Philadelphia's Dock Street Brewery likes to drink their beer with music, and on a whim they decided to combine the two for a bit of an experiment. The team will pump house favorite Wu-Tang Clan's gigantic catalogue of rap music into the side of an aging Saison beer's barrel for six months, before releasing it in September under the name "Ain't Nothin to Funk With," in reference to the musical group's less PG 2000 single of a similar name.

Assuming the yeast (which will undergo a secondary fermentation during the aging process) like the music, everyone in the brewery should be happy during the process. But what happens after is not so simple to predict.

Saison tends to be the beer equivalent of sourdough bread. Dock Street Brewery team member Aleksandr Certo-Ware describes their house Saison (the same recipe as the Wu-Tang project) as “funky, kind of barn yard, with pineapple and citrus notes. And if you’re into sour it gives a really pleasant sourness.”

Getting the music to the beer was pretty simple, thanks in part to accessible technology that most of the brewers already use.

“We took an old iPod touch, downloaded Spotify, set the barrel up with its own Spotify premium account, and made the barrel its own playlist of like 500 Wu-Tang Clan songs,” says Certo-Ware. “It’s set to shuffle, and set on loop as well. It’s pretty much on a 24-hour-a-day, seven-day-a-week rotation.”

The speakers are nothing too impressive—something meant to give the beer an earful without rattling the rest of the operation. “They’re USB-powered computer speakers. It’s something you can hear from 40 feet away if it’s quiet. It’s got some volume to it. It’s been nice because we’re brewing all day, and sometimes we’re listening to other music, but there’s always Wu-Tang Clan playing in the background.”

Certo-Ware says they’re aging the beer for six months, and he’s not sure what’s going to happen during that time. “You can do anything possible and a beer can ferment perfectly, and then require more time next time.”

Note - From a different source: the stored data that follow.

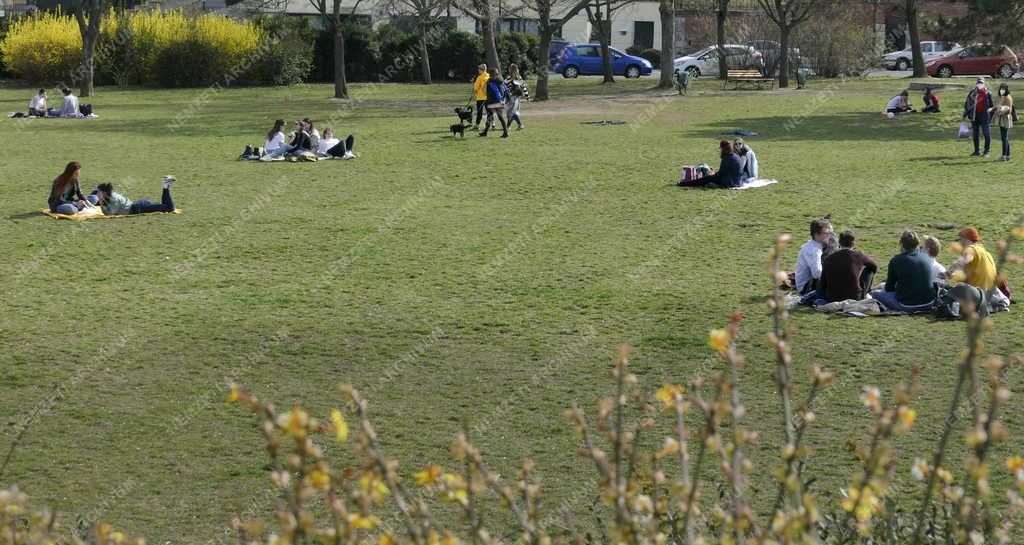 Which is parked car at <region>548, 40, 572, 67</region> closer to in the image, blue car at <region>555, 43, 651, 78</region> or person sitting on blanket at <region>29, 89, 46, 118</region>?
blue car at <region>555, 43, 651, 78</region>

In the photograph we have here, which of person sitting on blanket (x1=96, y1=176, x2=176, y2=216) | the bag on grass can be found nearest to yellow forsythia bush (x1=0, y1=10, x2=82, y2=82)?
person sitting on blanket (x1=96, y1=176, x2=176, y2=216)

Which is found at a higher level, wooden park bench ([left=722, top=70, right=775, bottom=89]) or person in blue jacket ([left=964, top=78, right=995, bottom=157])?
wooden park bench ([left=722, top=70, right=775, bottom=89])

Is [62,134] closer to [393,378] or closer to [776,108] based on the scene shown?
[776,108]

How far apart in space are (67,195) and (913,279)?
1203cm

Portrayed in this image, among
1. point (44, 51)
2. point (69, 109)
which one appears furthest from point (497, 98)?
point (44, 51)

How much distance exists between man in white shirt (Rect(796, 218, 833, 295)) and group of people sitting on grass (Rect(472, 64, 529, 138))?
53.9 ft

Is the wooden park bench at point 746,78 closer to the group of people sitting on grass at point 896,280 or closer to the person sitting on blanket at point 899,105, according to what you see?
the person sitting on blanket at point 899,105

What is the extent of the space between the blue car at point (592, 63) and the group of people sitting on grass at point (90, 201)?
43.1 meters

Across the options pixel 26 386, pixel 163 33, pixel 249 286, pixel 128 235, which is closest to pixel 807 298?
pixel 249 286

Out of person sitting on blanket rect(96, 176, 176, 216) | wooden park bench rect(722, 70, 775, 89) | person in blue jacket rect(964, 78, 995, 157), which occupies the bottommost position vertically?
person sitting on blanket rect(96, 176, 176, 216)

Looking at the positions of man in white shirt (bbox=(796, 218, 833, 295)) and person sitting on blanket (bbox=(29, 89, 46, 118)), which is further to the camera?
person sitting on blanket (bbox=(29, 89, 46, 118))

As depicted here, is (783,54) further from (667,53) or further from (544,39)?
(544,39)

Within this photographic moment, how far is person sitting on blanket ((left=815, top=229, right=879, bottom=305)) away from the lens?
12.2 meters

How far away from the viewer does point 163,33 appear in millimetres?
53281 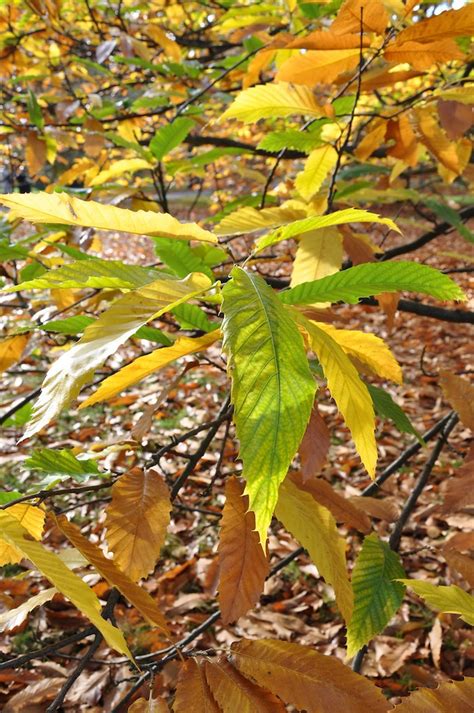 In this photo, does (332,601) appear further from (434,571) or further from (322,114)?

And as a brewer, Cero-Ware didn’t want to predict an outcome, adding “We’re not quite sure to be totally honest. Yeast is a living organism and it reacts to the environment around it. Certainly I think there’s sound science in vibration and the experiment here—I think it will absolutely have an effect on the organism.”

“The history of fermentation is actually full of stories of ritual, drumming, and music.”

It’s difficult to establish a control on this experiment. Barrel aging the beer means that anything previously in the barrel can influence the final product. Certo-Ware says he and his Dock Street Brewing collaborators won't be able to control for these variables, because they source barrels from different locations.

And barrels -- which can be expensive on the resale market -- are often hard to pair perfectly. Certo-Ware says, “Maybe down the road we’ll be in more of a position to have a control, take two brand new barrels, do one in one room, one in the other room, but for now we’re just doing this beer that we like, in a way that we can mix science and fun and our passions.”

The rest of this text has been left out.